Performance question related to stored data

Topics: Administration, Customizing Orchard, General, Writing modules
Oct 31, 2014 at 5:22 PM
This is intended to be a high level question. I have some objects I need stored in the database, so since I love orchard I made them Content parts and it works great.

Here is an example of my part

PlayerRecord/PlayerPart
-id
-AddressId
-ContactInfoId
-CreatedOnDate
-Rating

I made AddressRecord/AddressPart and ContactInfoRecord/ContactInfoPart
they just have basic string fields with things you might guess in them.

My PlayerPart also keep Address and ContactInfo as lazy fields

ok, so heading to my question, everything works nicely. I need to be able to do some backend work where I get a large collection of these (think 10k) and do some stuff with them. This will probably happen as a result of a trigger in a workflow I hope. Right now I tried something like this

_orchardServices.ContentManager.Query<PlayerPart, PlayerRecord>().List();

It is very slow, and I am looking for a best practice way of doing this:
  1. I could go straight to SQL and do it myself (old school) but I want to do things the orchard way.
  2. I think skipping the parts and just dealing with the records could be good.
  3. Some magic way of doing this that some one will share with me and it will be awesome and really fast.
Thanks in advance.
Developer
Nov 1, 2014 at 12:02 AM
What exactly would be "do some stuff"? If it's something that can be done on the DB server, then if you want performance, do it directly there (even going as ridiculous as a stored procedure).

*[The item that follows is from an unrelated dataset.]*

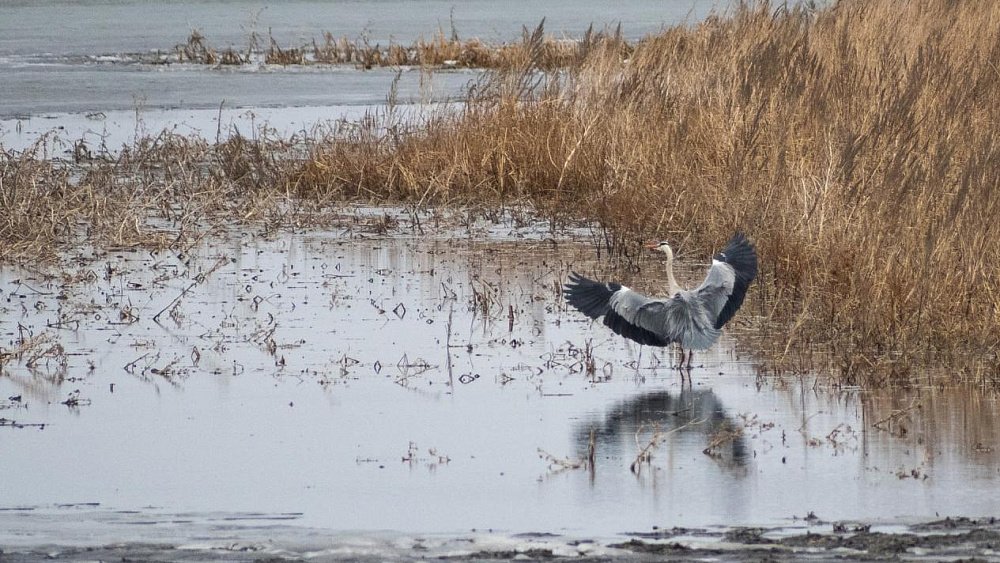В Челябинскую область прилетели первые цапли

If not performance is the most important requirement or the logic is not feasible to implement on the DB level then do it in batches; you can page through the result set with the content query Slice() (as opposed to List() that fetches all of the items at once). Processing in batches is a practice widely used in Orchard, e.g. in Indexing.

Unless you precisely understand what is going on never manipulate part records directly. If for nothing else, it won't work as expected since you already store part properties in the infoset as well (right?) so by changing part records directly your infoset data would go stale.
Nov 1, 2014 at 12:25 AM
I will be serializing the data for download to a desktop application, stored as an azure blob. Doing testing with just 200 items is very slow so it does not seem to be the size of the data yet. I agree that I will need to slice the data but I need to get the data reads to be done correctly first.
Developer
Nov 1, 2014 at 9:29 AM
If you're serializing just for data, the fastest way to get your data in memory is by skipping the entire content item lifecycle by not going through IContentManager, but by working with an ISession directly (which you can get from ISessionLocator). That way you can write HQL and do joins on objects that you need to be serialized, and just fetch the properties/columns you need. Check out these cool posts for some inspiration:
Nov 1, 2014 at 11:00 PM
SQL server supports sparse tables which should be efficient for storing records with lots of nulls.
It is possible that sparse tables can be good for keeping a cache of content items. In this scenario there would be one, wide, contentItem table. Each record will have all columns from all possible parts. (very much like a flat NoSql table)

This table can be indexed and therefor can be very efficient and scalable - it can hold a large cache of part data.

In case the Orchard's main data structure changes (e.g. a module is added) the sparse table can be flushed and re-created.

It is likely that this will not work well for ce or MySql, therefor it should be considered as cache and not for replacing the main DB.